The evolution of the band is chronicled in a series of Webisodes entitled The Gospel According to the Dears (at thedears.org), made by Lightburn and musician-about-town André Bendahan (a member of Krief’s Black Diamond Bay). The bulk of Dears alumni is interviewed, members from as far back as 2000, when the band released their debut LP, End of a Hollywood Bedtime Story.

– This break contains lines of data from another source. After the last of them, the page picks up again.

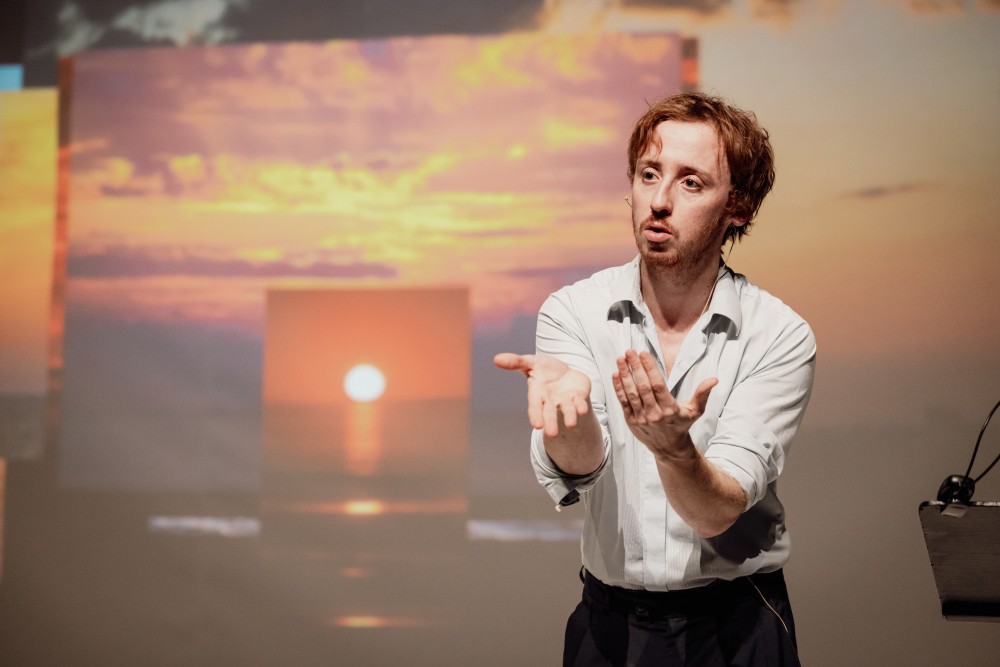 Le Plaisir, la Peur et le Triomphe, de Joaquim Fossi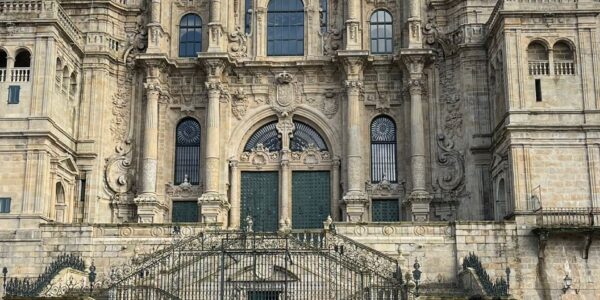 Camino de Santiago 3 600x300 Pastoral FCOM Estudiar en Universidad Privada Madrid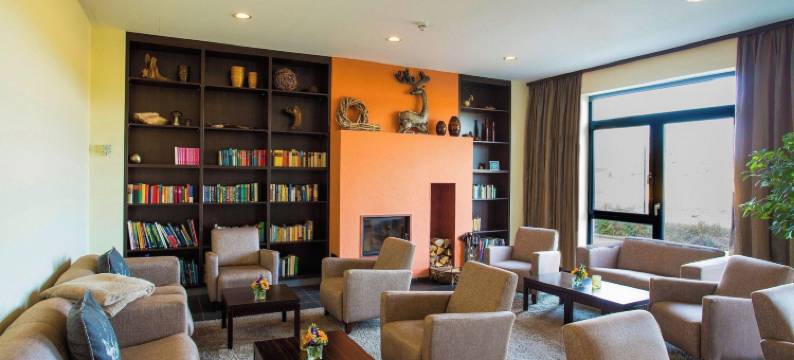 HEIDE温泉酒店及度假村(HEIDE SPA Hotel & Resort)图片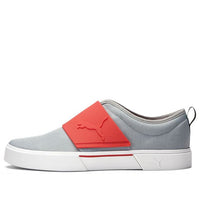 PUMA El Rey II Slip-On 'Quarry High Risk Red' 374785-11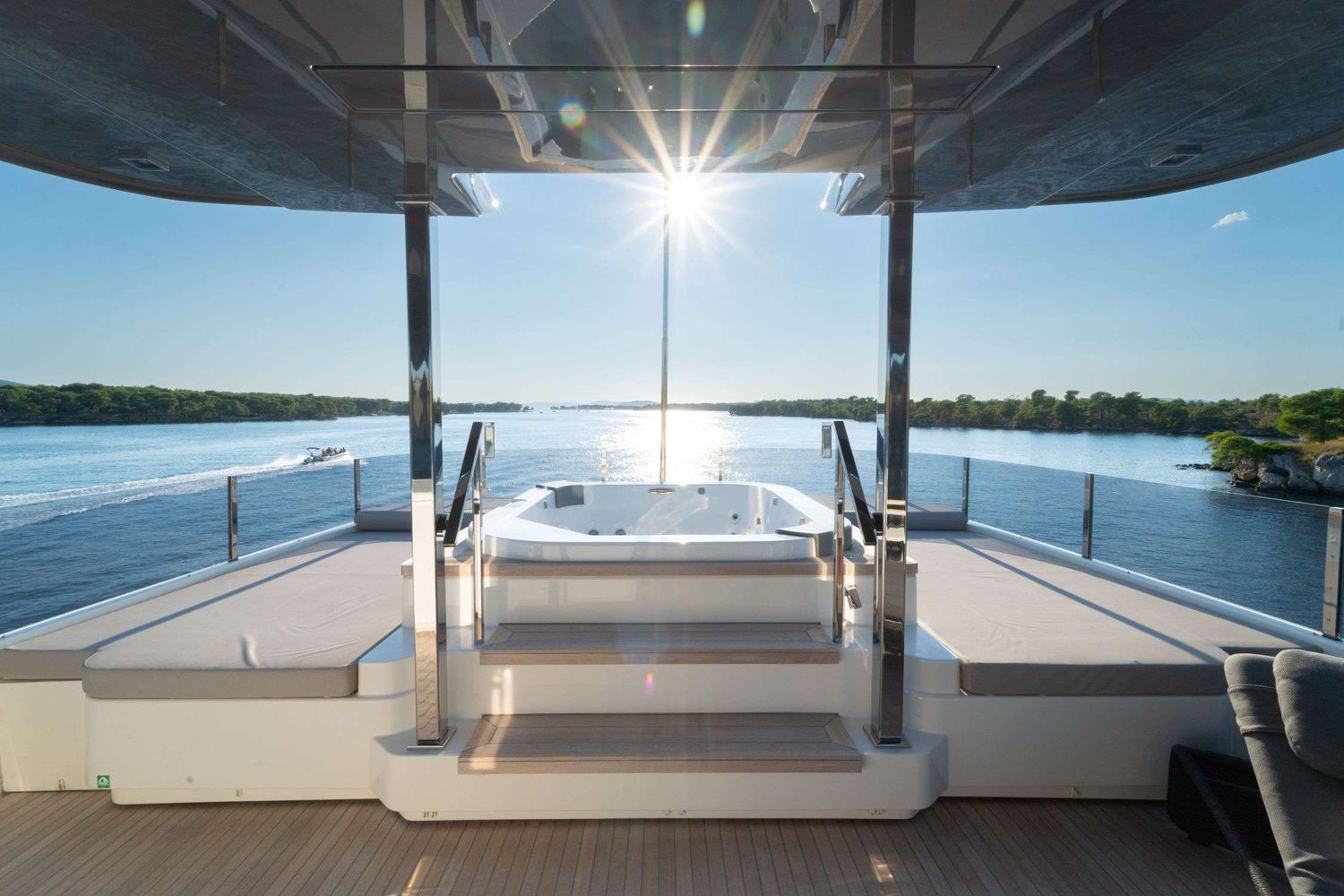 yacht-527072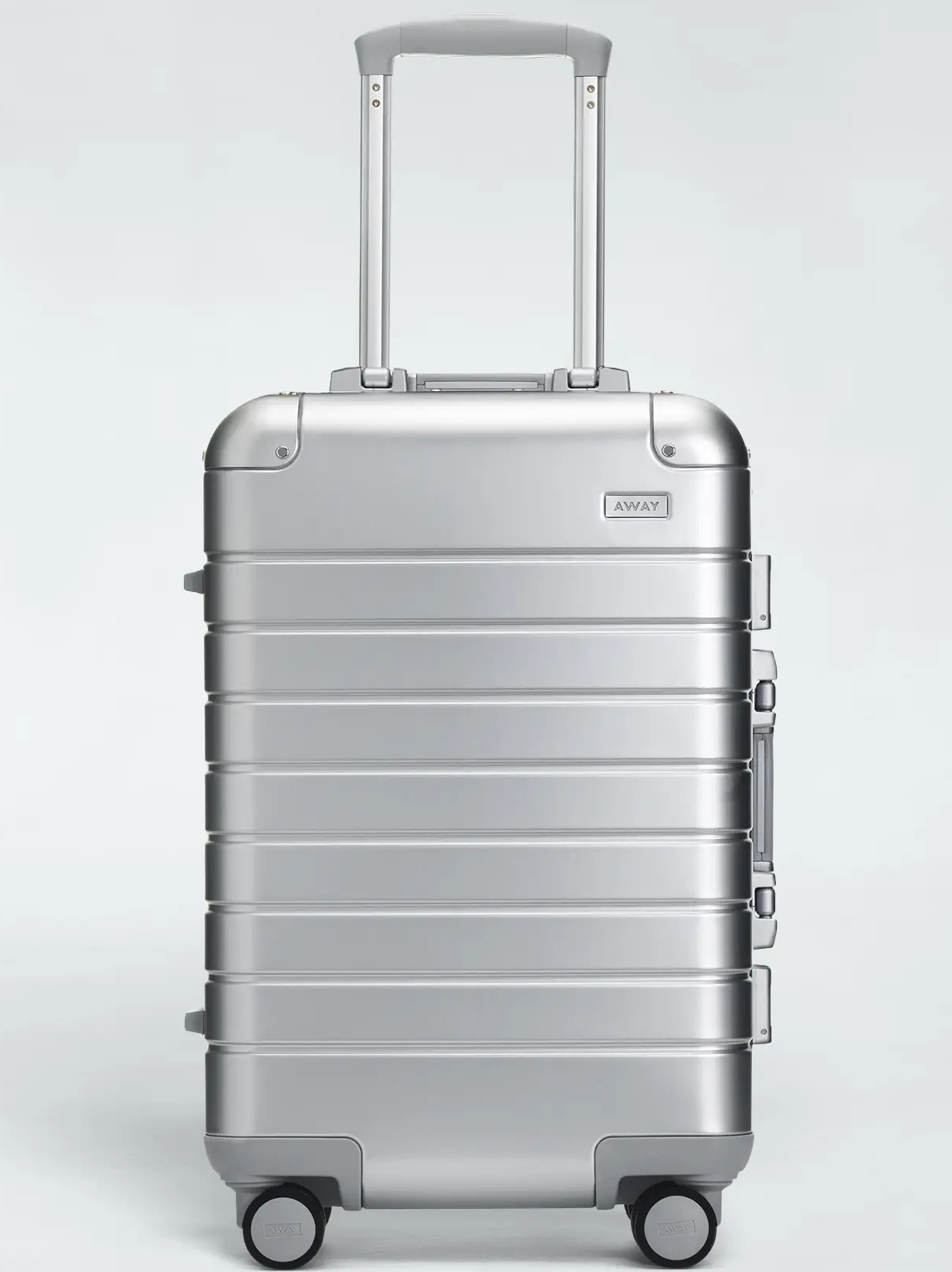 Away Luggage Review Check Out This Bonafide Reader Fave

“In editing this thing, I’ve learned a lot about the Dears, I’ve learned a lot about myself and I’ve learned a lot about perceptions and assumptions and presumptions,” says Lightburn. “The more you put yourself out there, the more you, unfortunately, become aware of yourself, which is really painful. Just yesterday, Laura called me a self-hating rock star, because I hate rock stardom but, she said, nonetheless, stop denying it. It made me laugh out loud, but at the same time, maybe there’s some truth to it. It’s an enjoyable gig, but it’s not enjoyable at all.”

Stuck between the art and the business, in a band that, he says, has always been an uneasy combination of democracy and dictatorship, Lightburn has high hopes for this line-up, despite the fact that “some days, it’s just fucking ‘spicy meatball.’”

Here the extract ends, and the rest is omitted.